__Dataset excerpts__.
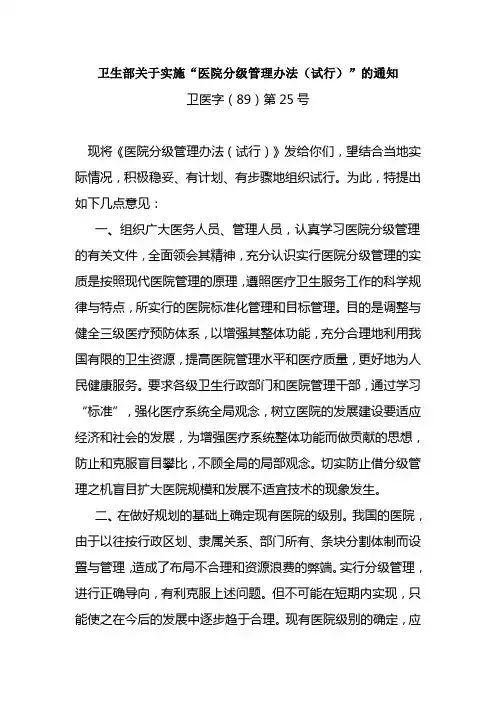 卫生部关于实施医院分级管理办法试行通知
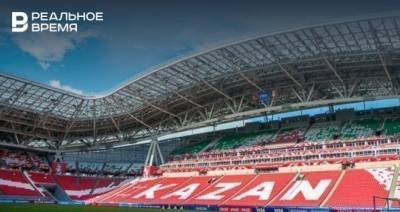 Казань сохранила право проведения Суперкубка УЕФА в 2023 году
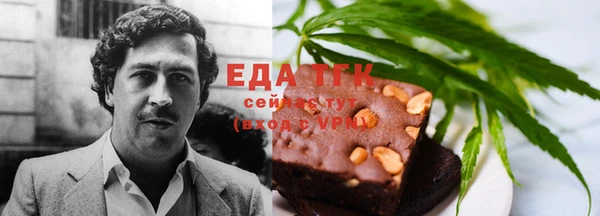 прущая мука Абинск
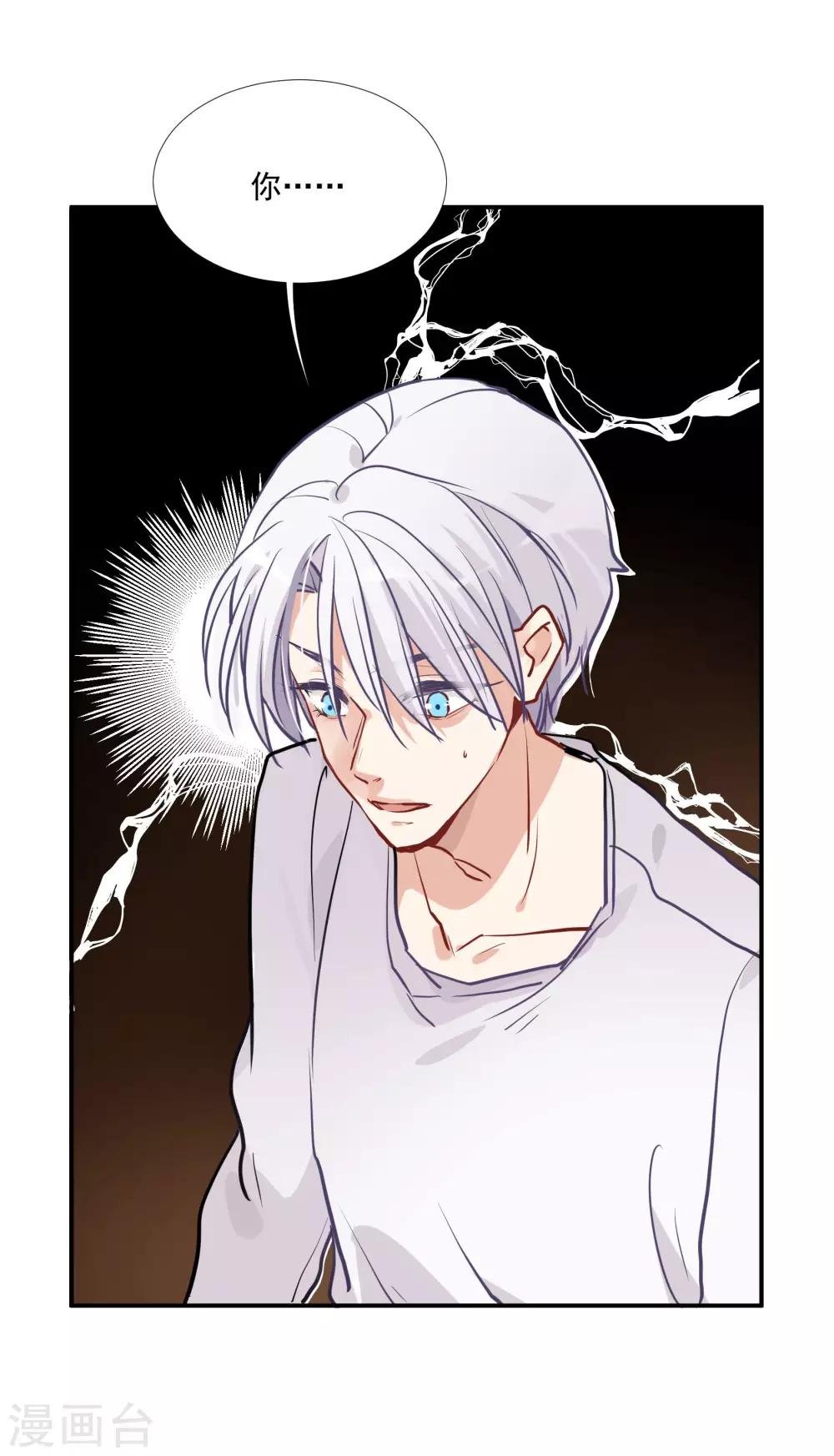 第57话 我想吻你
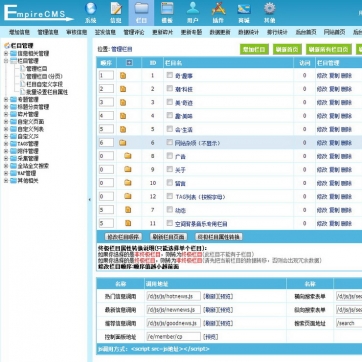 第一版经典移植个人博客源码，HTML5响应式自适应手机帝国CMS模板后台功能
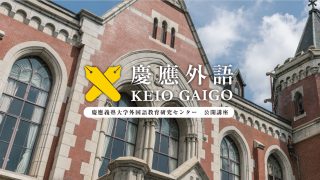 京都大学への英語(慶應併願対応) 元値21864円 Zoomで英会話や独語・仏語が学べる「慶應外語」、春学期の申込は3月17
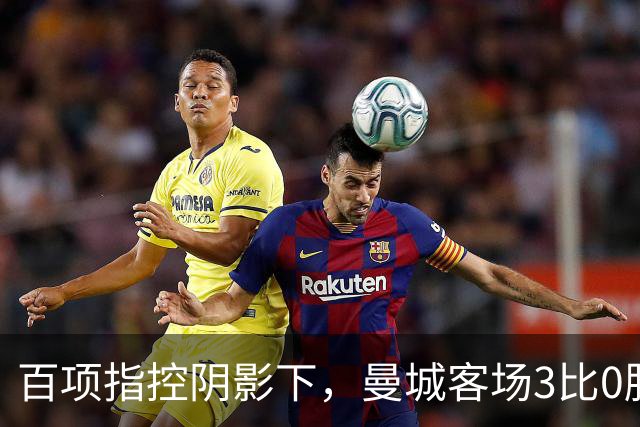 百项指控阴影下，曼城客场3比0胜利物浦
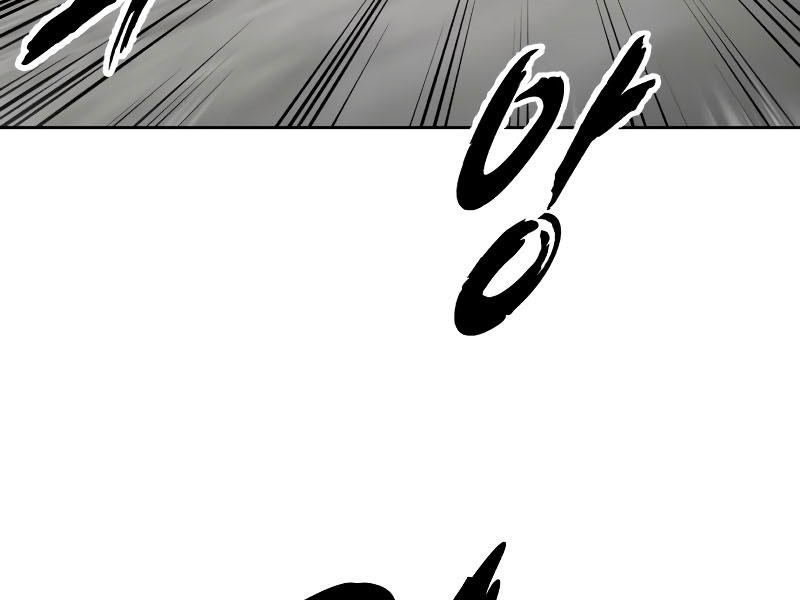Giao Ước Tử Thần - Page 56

__Your objective__.
Each record above goes into the copy unchanged; the pictures do not.

__Response to the exercise__.
 卫生部关于实施医院分级管理办法试行通知
 Казань сохранила право проведения Суперкубка УЕФА в 2023 году
 прущая мука Абинск
 第57话 我想吻你
 第一版经典移植个人博客源码，HTML5响应式自适应手机帝国CMS模板后台功能
 京都大学への英語(慶應併願対応) 元値21864円 Zoomで英会話や独語・仏語が学べる「慶應外語」、春学期の申込は3月17
 百项指控阴影下，曼城客场3比0胜利物浦
Giao Ước Tử Thần - Page 56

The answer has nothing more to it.